Banking Stocks Lead Upward Movement of Nifty and Sensex

The BSE Sensex has shown signs of recovery by recording a gain of 162 points yesterday. On Tuesday, the Sensex fell by a whopping 770 points. On Wednesday, the most popular BSE index closed at 36,725 points. On the other hand, the NSE Nifty 50 breached the mark of 10,850 points. 

Banking stocks such as HDFC Bank and ICICI Bank led the benchmark indices towards the upward movement. The BSE Sensex recorded it’s intra-day high at 36,776.31 points.
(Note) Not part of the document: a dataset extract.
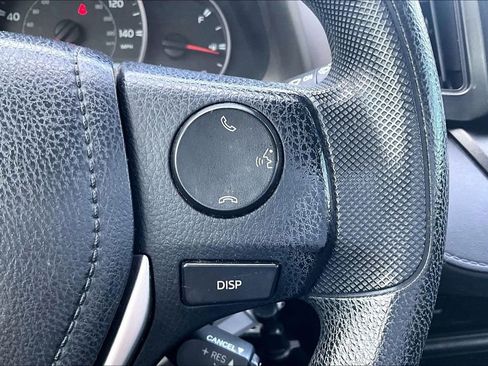 Used 2016 Toyota RAV4 LE image 21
The most significant gainer in the Sensex index was Bharti Airtel, which recorded a rise of 2.97%. 

Apart from that, HDFC Bank rose by 1.7% while ICICI Bank surged by 1.4%. Tata Steel too recorded a significant gain as the value of its stock grew by 2.46%. Vedanta, a mining company, saw an increase of 1.94% while the tech giant HCL Tech advanced by 1.6%. The stocks of NTPC, an electrical PSU, rose by 1.8%. 

The foes of the auto sector don’t seem like ending anytime soon. The stocks of Maruti Suzuki fell by a massive 3.64%. This has possibly come on the back of the firm’s announcement of suspending its operations related to manufacturing in plants located at Manesar and Gurugram in Haryana.

Also Read: Sensex sees spike on second consecutive day, auto stocks on the surge

The Indian stock markets were volatile throughout Wednesday, and the intra-day traders would have made good money if they had made the right calls. The growth stimulus will take some time to weigh on the Indian markets, and until then, the market fluctuations would be inevitable. 

The rise in the benchmark indices has possibly resulted due to the recovery in the Indian rupee. The Indian currency rose by 0.44% against the US dollar on Wednesday. It had hit a fresh low of Rs 72.50 against the greenback. The growth boosters are expected to improve the market conditions and the value of rupee against the dollar. 

Most fast-moving consumer goods (FMCG) stocks ended on a bearish note, while the banking and mining stocks experienced a bullish trend. This is a positive sign as the investors are willing to move from the FMCG stocks that are considered low-risk to stocks of high-risk sectors such as banking and mining.